A US software industry group attempted to intervene in the Microsoft antitrust lawsuit yesterday, by demanding to testify before courts on the impact of the proposed break-up of the world's largest software company.
The Association for Competitive Technology (ACT) filed a motion in court asking the trial judge in the landmark case to allow its members to describe the harm they would suffer under Microsoft's break-up.
The motion cites the case of small companies which already claim to have suffered because of the Justice Department's request to split Microsoft in two.

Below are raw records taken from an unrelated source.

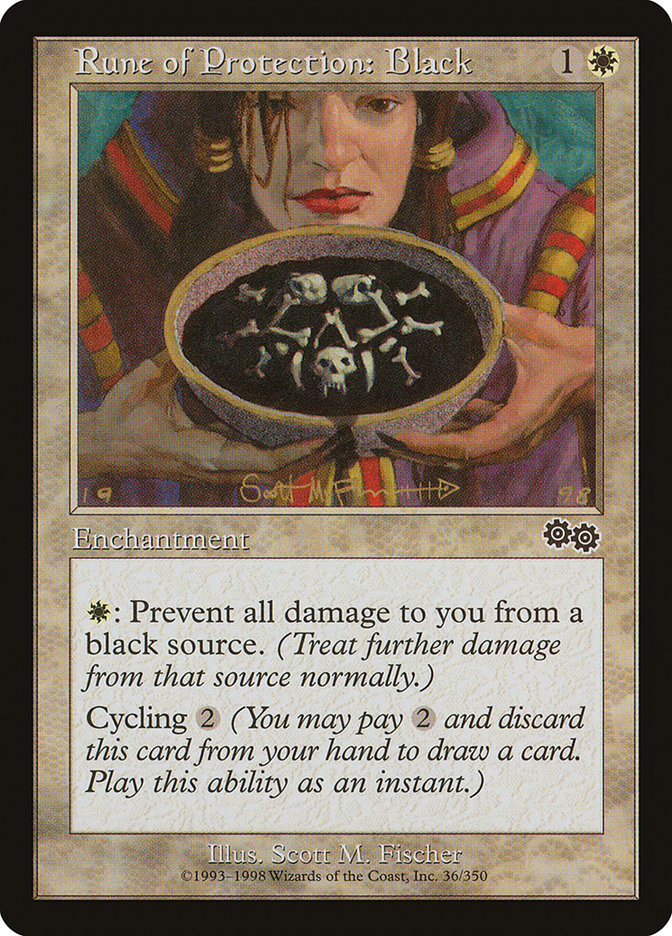 Rune of Protection: Black [Urza's Saga] | Black Swamp Games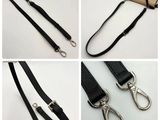 four different images of a black leather leash with a metal clasp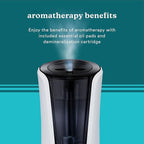Homedics Ultrasonic Humidifier – Large Deluxe Air Humidifiers for Bedroom, Plants, Office – Cool and Warm Mist Humidifiers, Essential Oil Pads and Built-In Timer, 5 Mist Settings, White and Black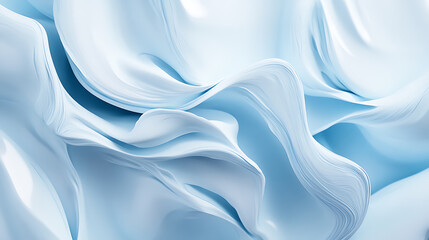 Leinwandbilder - Mixture of white and blue paints, abstract art, ink, bright colors, abstractionism, liquid, fluid, stains, blue sea foam, ocean breeze, sea, curl, waves, marble pattern, 3d artwork raster background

The Justice Department and 19 states, which are jointly suing the company, are scheduled to reply today to Microsoft's own `remedy` proposals, following the company's outright rejection of the break-up request last week. Microsoft offered instead to curb its business practices, claiming that break-up would cause unpredictable damage to the US economy.
According to ACT's motion filed yesterday, Active Designs, a small systems integrator from Fairfax, Virginia, claims to have lost business because of uncertainties over Microsoft's future. The company claims that a customer is delaying its deployment of Microsoft's Windows 2000 software based on concerns over the future of the Windows operating system.
Mr Jonathan Zuck, president of the ACT, said the legal precedent for widespread consultation had been set by the agreed break-up of AT & T, the telecommunications company, in the early 1980s. Under the so-called Tunney Act, the courts must give at least 60 days' notice for public comment before a proposed settlement can be approved.
"Our feeling is that the implications are so much greater than the AT & T case," he said.
The association has consistently backed Microsoft throughout the course of the two-year litigation, and strongly opposes breaking up the company.